Je suis un Bourreau, une introduction, écriture, mise en scène et interprétation de Jacques Albert
Je suis un Bourreau, une introduction, écriture, mise en scène et interprétation de Jacques Albert
On le voit, en images et en personne, seul sur scène, ce mercenaire. Comme tout bon père éloigné du foyer, il tente de parler avec sa petite fille par Skype ; il bricole son ordinateur, s’ennuie éventuellement, à l’écart des combats, se mêle des histoires de drague d’un collègue. Il parle de son travail et ne dit jamais : «Je suis un bourreau » . Il euphémise, recouvre le sang, la douleur, les cris, la violence, d’un langage technique, professionnel. Il tue avec compétence, conscient du fait que c’est un métier à risques. Il nous fait sourire, par moment, de ses maladresses banales et pauvres astuces. On assiste à la mise en scène quotidienne de son équipement : pièce par pièce, il revêt sa panoplie : vêtements spécifiques, gilet pare-balles, holster…, et passe en revue ses armes. La (belle) danse solitaire du combattant nous emmène au-delà de cette préparation utilitaire, dans une sorte de cercle narcissique de celui qui sait ne pouvoir regarder loin en avant.

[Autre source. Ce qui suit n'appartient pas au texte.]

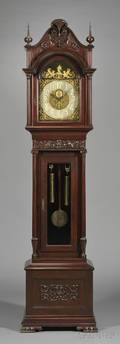 Waterbury Hall Clock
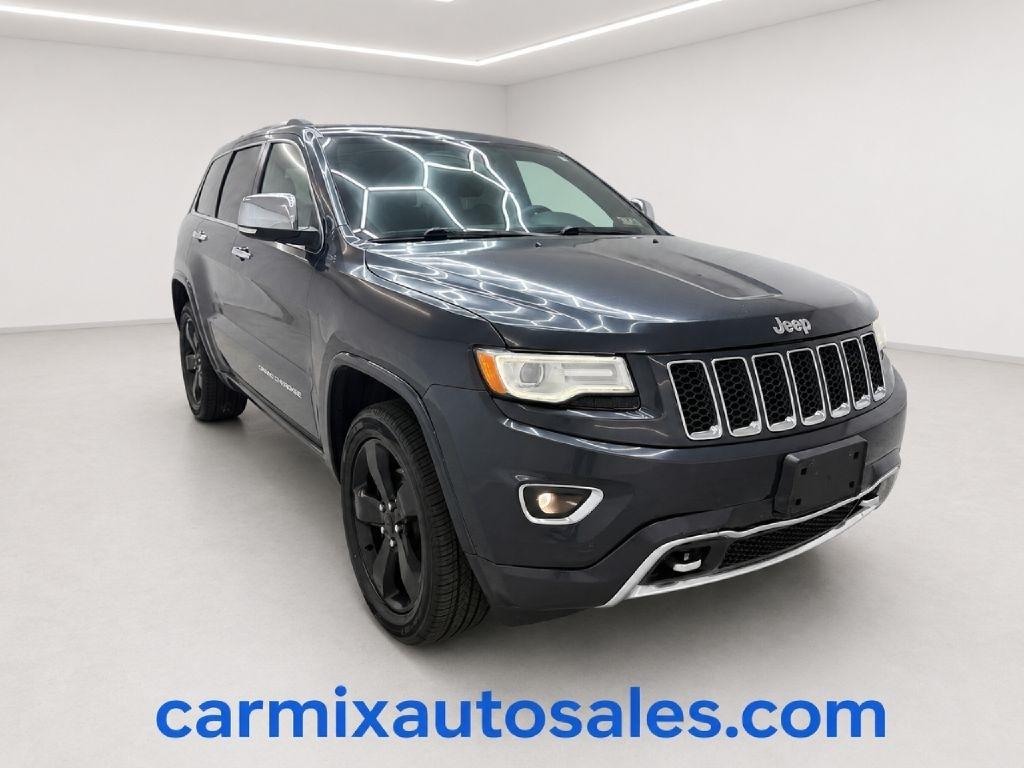 2015 Jeep Grand Cherokee Overland 4WD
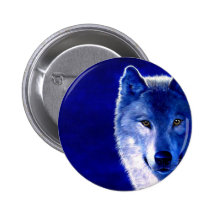 Blåttvarg Pins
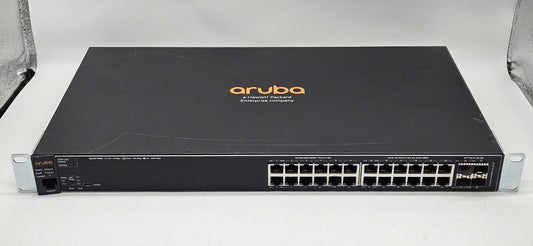 HP ProCurve 2530-24G 24-Port GbE & 4-Port SFP Network Switch J9776A0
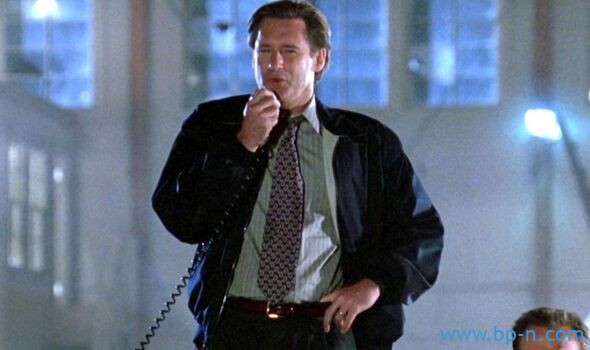 Bill Pullman in a scene from Independence Day (Image: Getty)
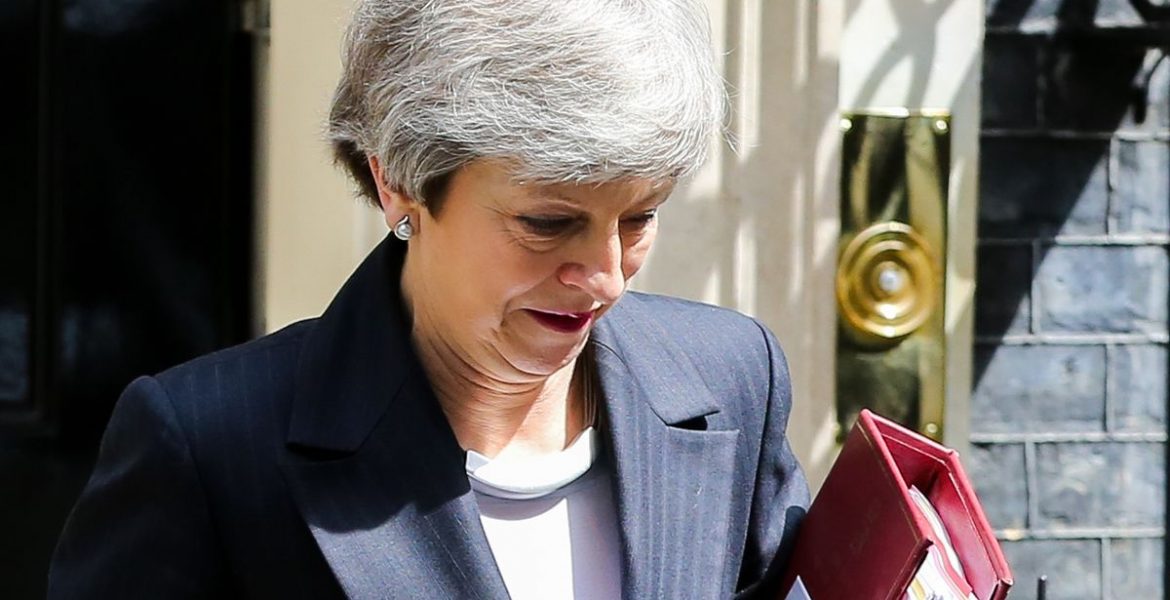 Brexit, Theresa May vicina alle dimissioni?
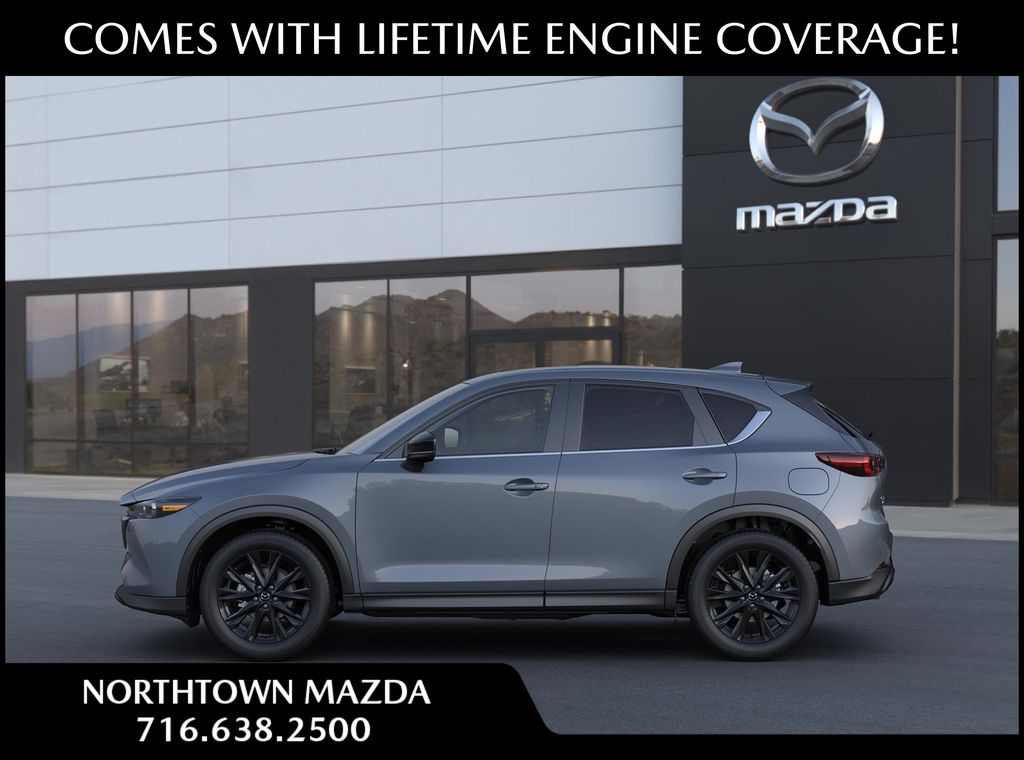 2025 Mazda CX-5 2.5 S Carbon photo 2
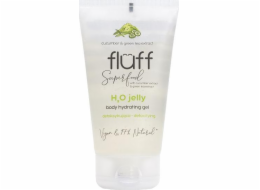 Fluff Super Food H2O Jelly Body Hydrating Gel detoxikační vodní gel Okurka a zelený čaj 150 ml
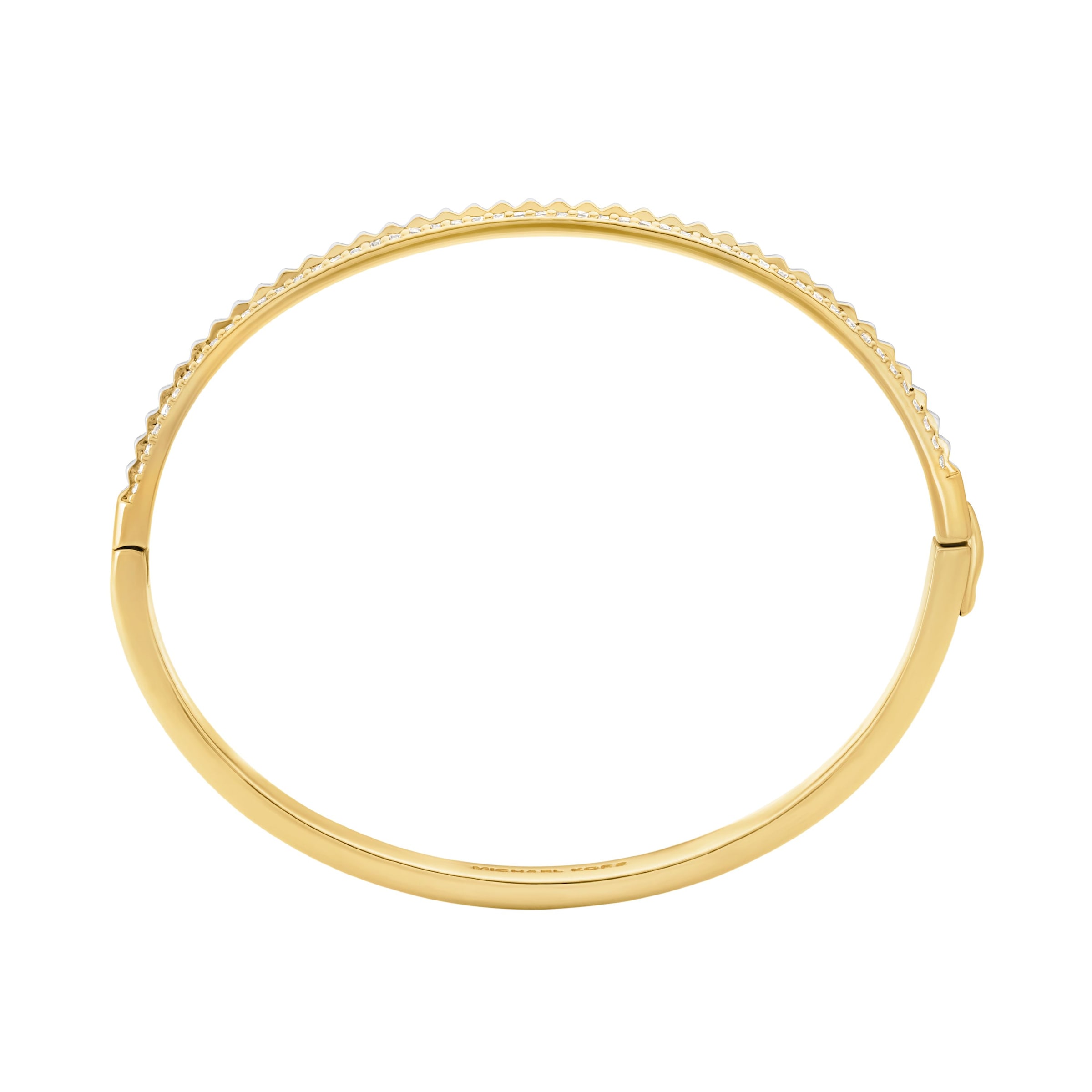 MICHAEL KORS Armreif »Premium« mit Zirkonia (synth.)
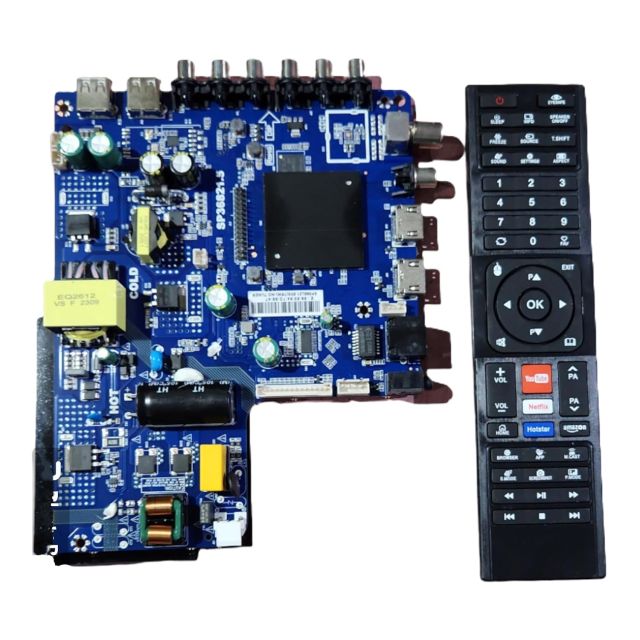 CRPL LED TV 4K Android Motherboard Universal for 43 INCH-75W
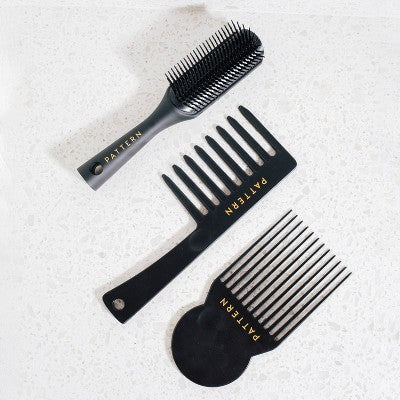 PATTERN Wide Tooth Comb - Ulta Beauty: Detangling Comb For Textured, Curly Hair, Polycarbonate Material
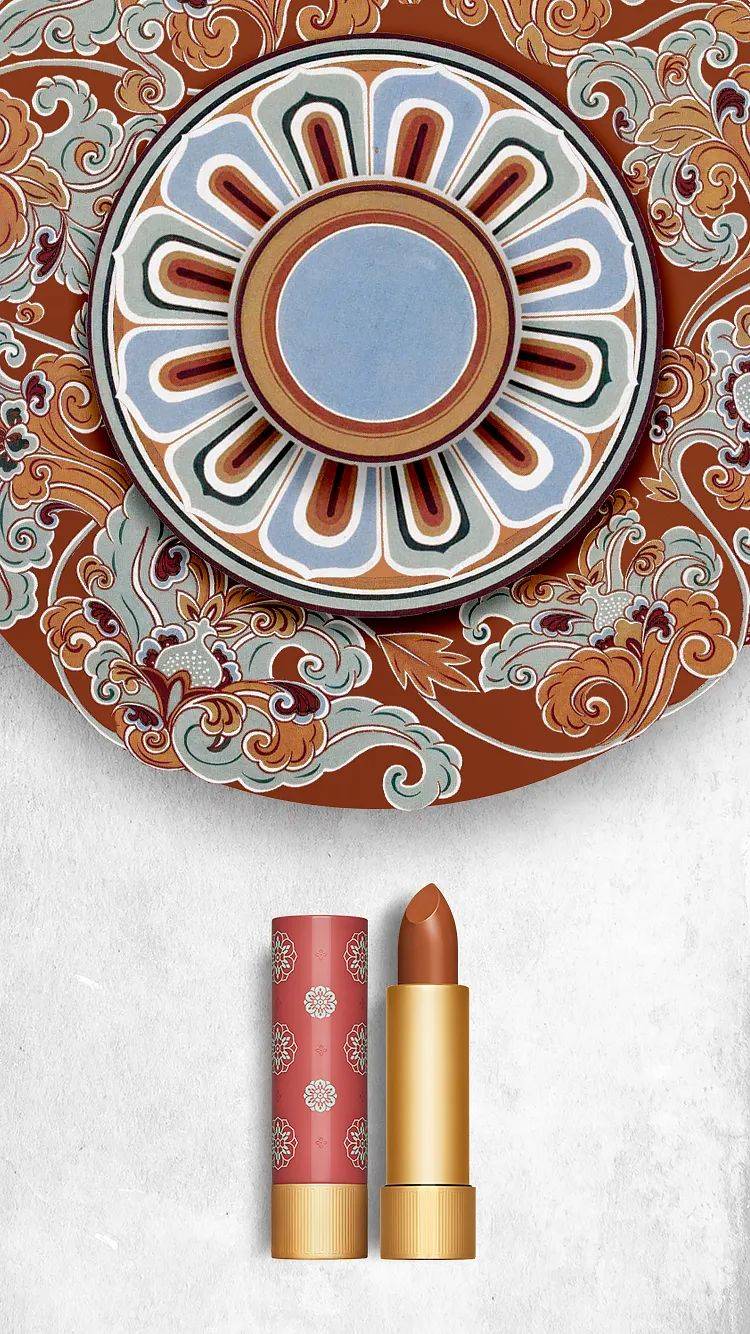 敦煌壁画彩妆,敦煌壁画与美妆联名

Jacques Albert et le collectif Das Plateau (Céleste Germe et Maëlys Ricordeau, ses collaboratrices artistiques et le compositeur Jacob Stambach) ont glissé, presque en arrière-plan, un scénario qui permet de clore l’exhibition à la fois méthodique et sans prétention du bourreau qui ne dit pas son nom. L’acteur devient alors conférencier, ou mieux, dit-il, «un individu qui s’est posé des questions qui peuvent nous appartenir à tous, et qui les partage». La question est celle-ci : sommes-nous tous prêts à tuer ? En tout cas, nous y sommes préparés, par les jeux vidéo le cinéma et les séries : gagner, c’est tuer l’autre et tout est résolu par les armes à feu.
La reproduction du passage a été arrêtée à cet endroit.